Light sources are quite abundant and yet rooms are still swimming in shadow thus providing ample places for terrible things to lurk.
John R. Leonetti has made a career as a cinematographer, but on this occasion returns to the director’s chair for the third time in his career. Leonetti has worked with James Wan previously on Dead Silence, Death Sentence, Insidious 1 & 2 , and The Conjuring.
Having an understanding of Wan’s directorial style and vision would help to maintain continuity between The Conjuring and Annabelle. The way the story is presented is, quite honestly formulaic.

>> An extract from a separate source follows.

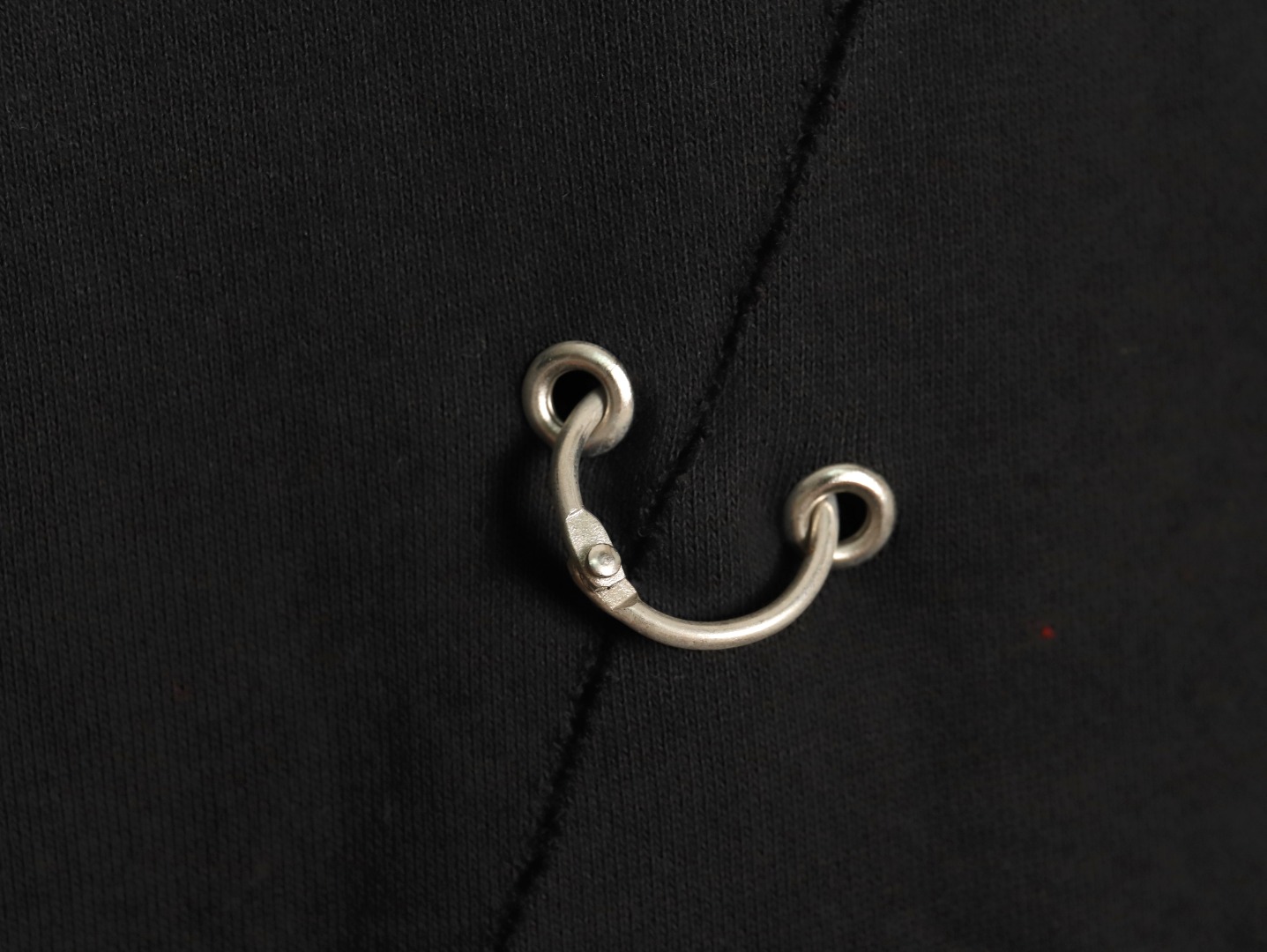 【GIVENCHY  公式旗艦店】ジバンシー 丸首の衛衣 スウェットご好評に付き再入荷！241122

This does not mean that there are not some real scares doled out in this movie.
You do get those flash scares that make you jump as something quickly appears and is just as quickly gone, but there are also the longer moments that make you fidget uncomfortably in your seat.
Long slowly creeping wide-angle shots down corridors aided in creating that unnerving sense of suspense. The old awkward “Dutch angle” and rapid cuts are used to create an off kilter, uneasy, and frantic feeling at times.
While horror movies are not considered high art, Annabelle is entertaining and delivers some truly scary moments. The story isn’t particularly strong, but makes do with what there is.
I would have liked to have seen a more developed back story for the characters, as well as a more detailed main story.
I would have specifically liked to have seen more development of the story concerning Annabelle Higgins, the Satanist daughter of their murdered neighbors and the origin for the doll’s name.
The screenplay may have suffered from being rushed to get it into production so that it would be completed in time for an October release to coincide with Halloween.